# Exercise:
Give back exactly the lines from the beginning of the listing below to the line holding "Who goes there....?!", both ends included; the pictures stay out.

# Data shown:
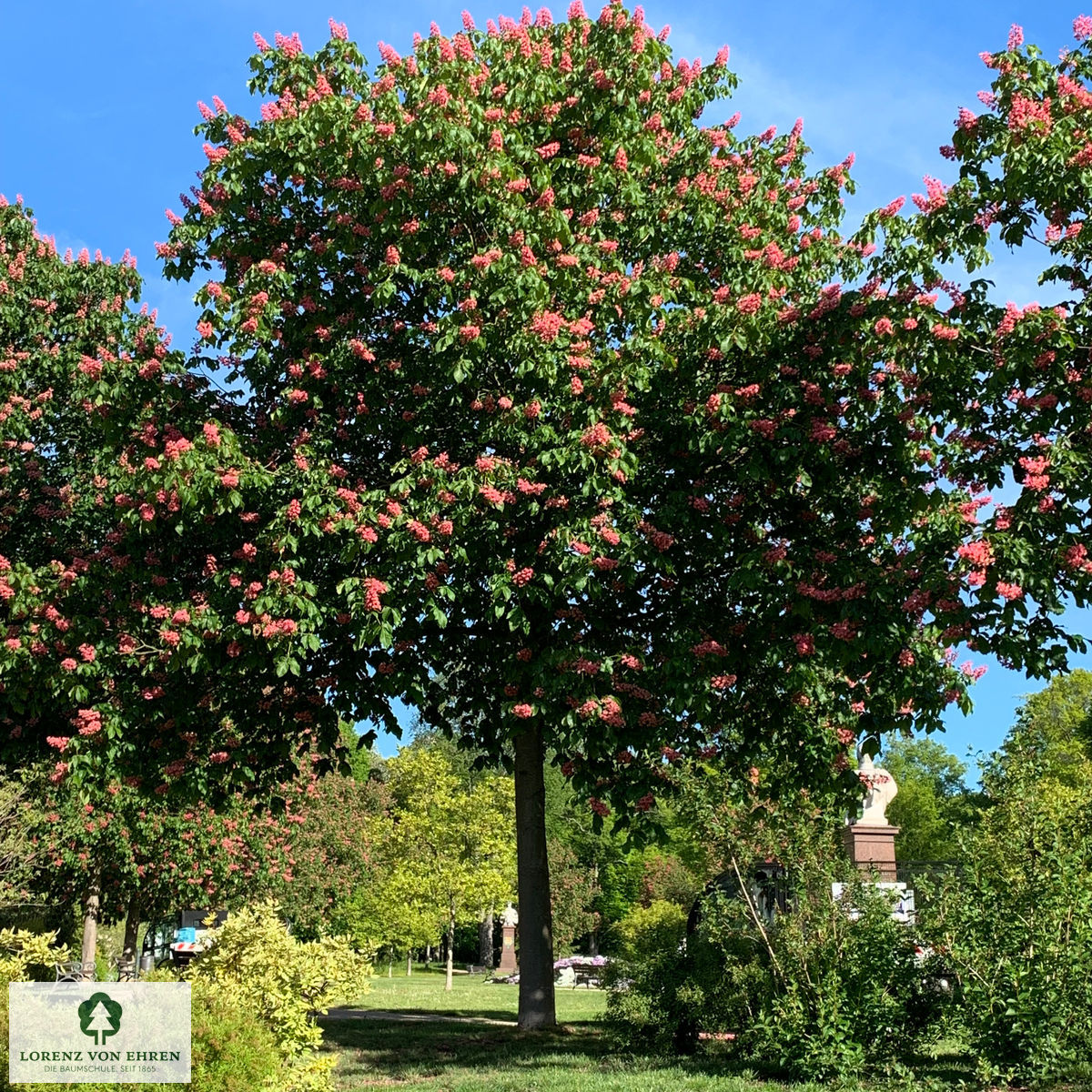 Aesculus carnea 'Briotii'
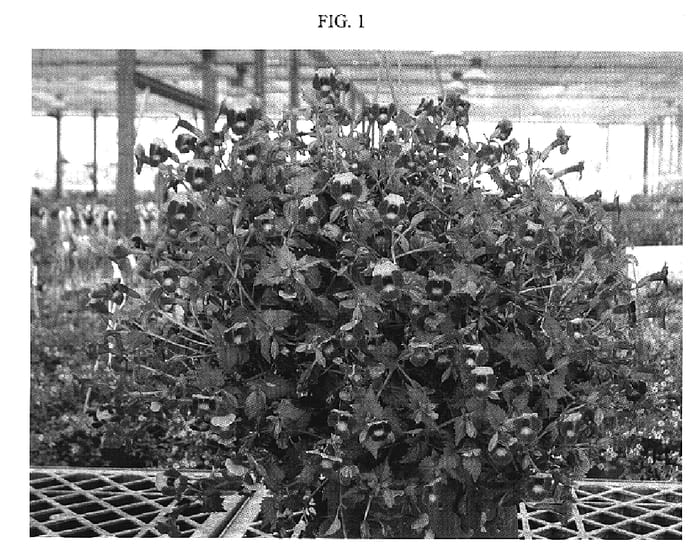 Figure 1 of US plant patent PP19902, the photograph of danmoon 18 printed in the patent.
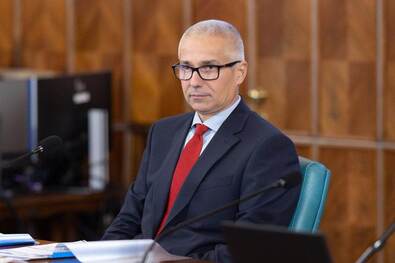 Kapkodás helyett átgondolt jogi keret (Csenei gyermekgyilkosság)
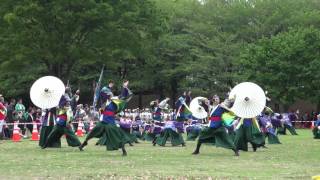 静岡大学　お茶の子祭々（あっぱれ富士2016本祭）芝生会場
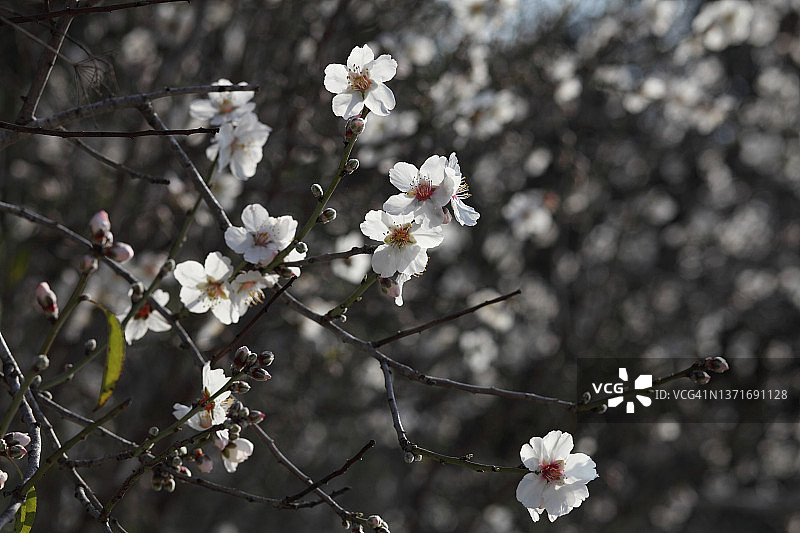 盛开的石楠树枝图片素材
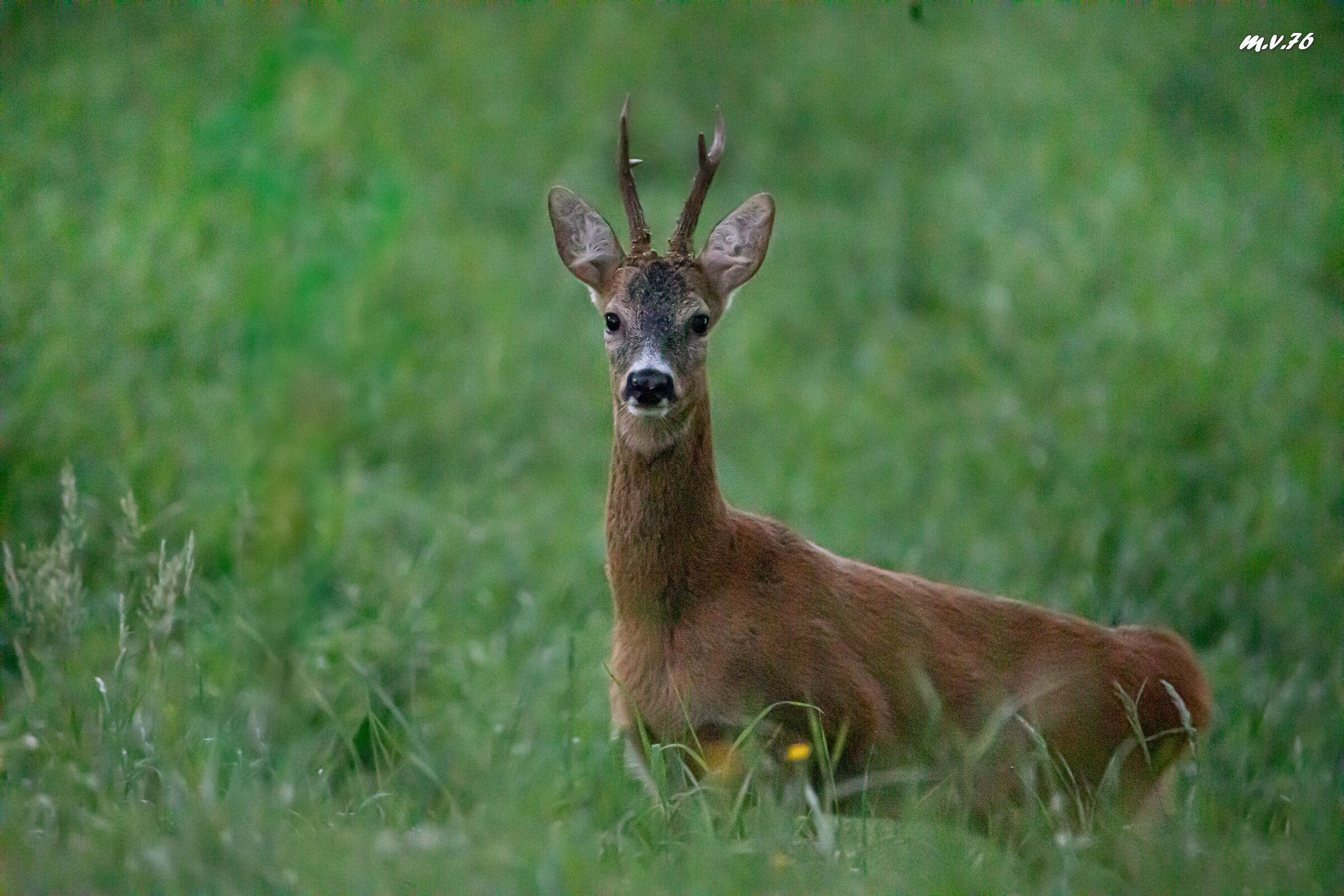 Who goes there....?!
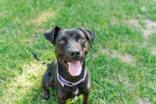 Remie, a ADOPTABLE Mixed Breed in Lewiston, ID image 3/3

# Your response:
 Aesculus carnea 'Briotii'
 Figure 1 of US plant patent PP19902, the photograph of danmoon 18 printed in the patent.
 Kapkodás helyett átgondolt jogi keret (Csenei gyermekgyilkosság)
 静岡大学　お茶の子祭々（あっぱれ富士2016本祭）芝生会場
 盛开的石楠树枝图片素材
 Who goes there....?!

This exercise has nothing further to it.